\chapter{Polymorphic variants} \label{c:poly-variant}
%HEVEA\cutname{polyvariant.html}
{\it (Chapter written by Jacques Garrigue)}

Variants as presented in section~\ref{s:tut-recvariants} are a
powerful tool to build data structures and algorithms. However they
sometimes lack flexibility when used in modular programming. This is
due to the fact that every constructor is assigned to a unique type
when defined and used. Even if the same name appears in the definition
of multiple types, the constructor itself belongs to only one type.
Therefore, one cannot decide that a given constructor belongs to
multiple types, or consider a value of some type to belong to some
other type with more constructors.

With polymorphic variants, this original assumption is removed. That
is, a variant tag does not belong to any type in particular, the type
system will just check that it is an admissible value according to its
use. You need not define a type before using a variant tag. A variant
type will be inferred independently for each of its uses.

\section{s:polyvariant:basic-use}{Basic use}

In programs, polymorphic variants work like usual ones. You just have
to prefix their names with a backquote character "`".
\begin{caml_example}{toplevel}
[`On; `Off];;
`Number 1;;
let f = function `On -> 1 | `Off -> 0 | `Number n -> n;;
List.map f [`On; `Off];;
\end{caml_example}
"[>`Off|`On] list" means that to match this list, you should at
least be able to match "`Off" and "`On", without argument.
"[<`On|`Off|`Number of int]" means that "f" may be applied to "`Off",
"`On" (both without argument), or "`Number" $n$ where
$n$ is an integer.
The ">" and "<" inside the variant types show that they may still be
refined, either by defining more tags or by allowing less. As such, they
contain an implicit type variable. Because each of the variant types
appears only once in the whole type, their implicit type variables are
not shown.

The above variant types were polymorphic, allowing further refinement.
When writing type annotations, one will most often describe fixed
variant types, that is types that cannot be refined. This is
also the case for type abbreviations. Such types do not contain "<" or
">", but just an enumeration of the tags and their associated types,
just like in a normal datatype definition.
\begin{caml_example}{toplevel}
type 'a vlist = [`Nil | `Cons of 'a * 'a vlist];;
let rec map f : 'a vlist -> 'b vlist = function
  | `Nil -> `Nil
  | `Cons(a, l) -> `Cons(f a, map f l)
;;
\end{caml_example}

\section{s:polyvariant-advanced}{Advanced use}

Type-checking polymorphic variants is a subtle thing, and some
expressions may result in more complex type information.

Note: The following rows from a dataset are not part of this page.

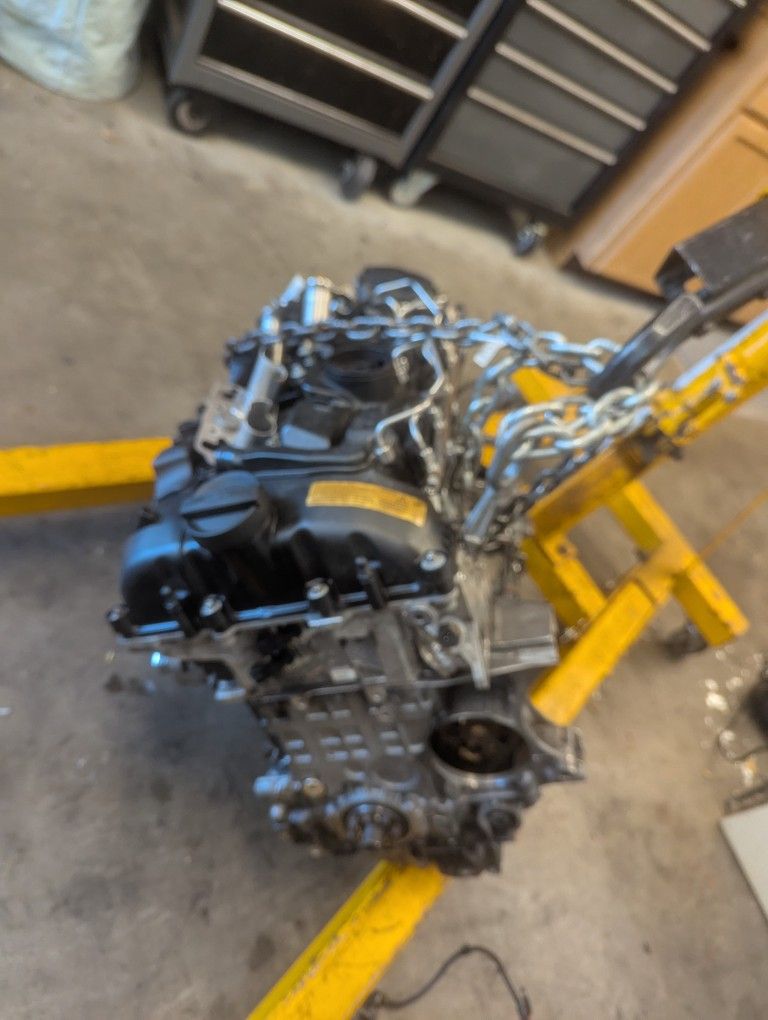 BMW N55 CORE AND A BOX FULL OF PARTS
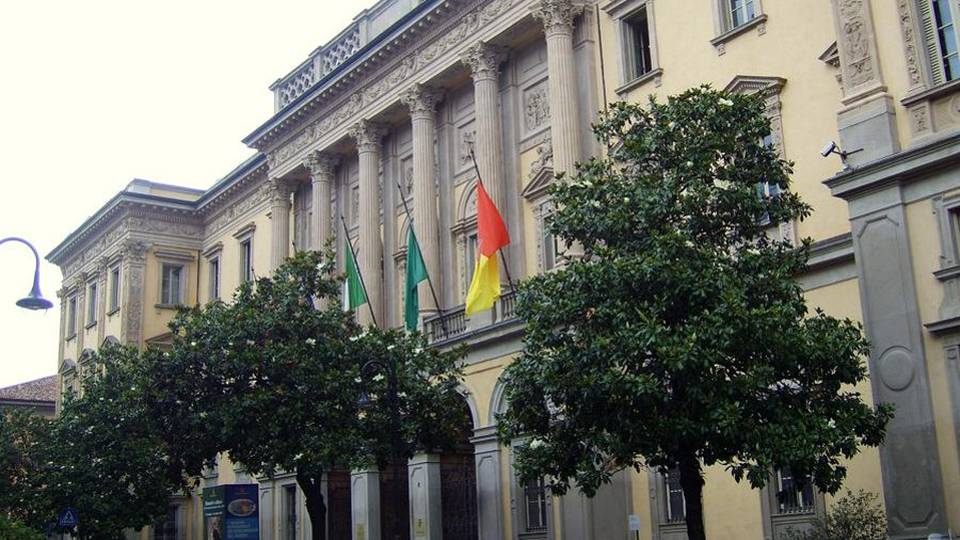 Belotti ancora provocatore. Al prefetto «Restituisca i 49 quadri alla Carrara» Belotti ancora provocatore. Al prefetto «Restituisca i 49 quadri alla Carrara»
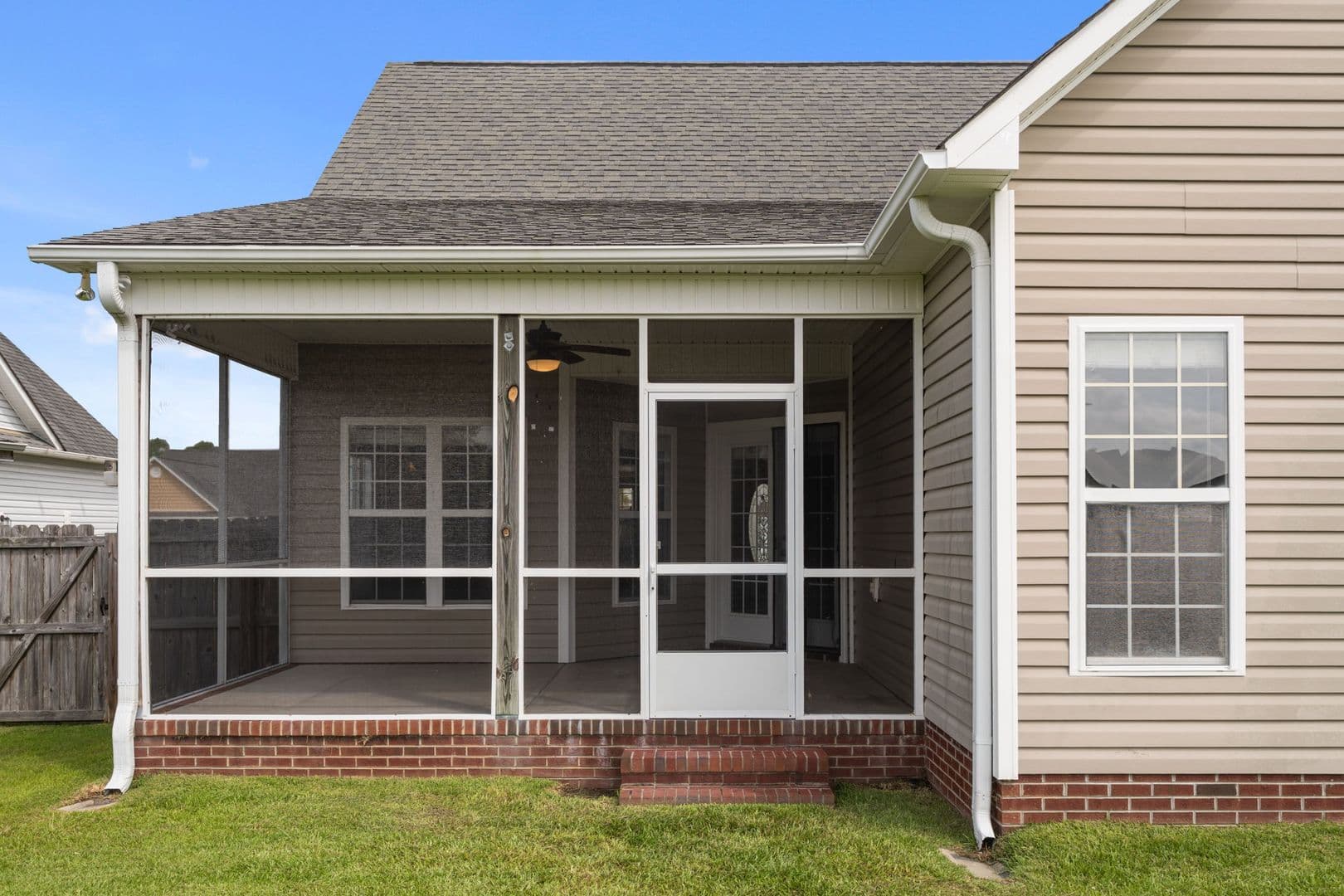 Jacksonville House: 115 Ravenscroft Way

\begin{caml_example}{toplevel}
let f = function `A -> `C | `B -> `D | x -> x;;
f `E;;
\end{caml_example}
Here we are seeing two phenomena. First, since this matching is open
(the last case catches any tag), we obtain the type "[> `A | `B]"
rather than "[< `A | `B]" in a closed matching. Then, since "x" is
returned as is, input and return types are identical. The notation "as
'a" denotes such type sharing. If we apply "f" to yet another tag
"`E", it gets added to the list.

\begin{caml_example}{toplevel}
let f1 = function `A x -> x = 1 | `B -> true | `C -> false
let f2 = function `A x -> x = "a" | `B -> true ;;
let f x = f1 x && f2 x;;
\end{caml_example}
Here "f1" and "f2" both accept the variant tags "`A" and "`B", but the
argument of "`A" is "int" for "f1" and "string" for "f2". In "f"'s
type "`C", only accepted by "f1", disappears, but both argument types
appear for "`A" as "int & string". This means that if we
pass the variant tag "`A" to "f", its argument should be {\em both}
"int" and "string". Since there is no such value, "f" cannot be
applied to "`A", and "`B" is the only accepted input.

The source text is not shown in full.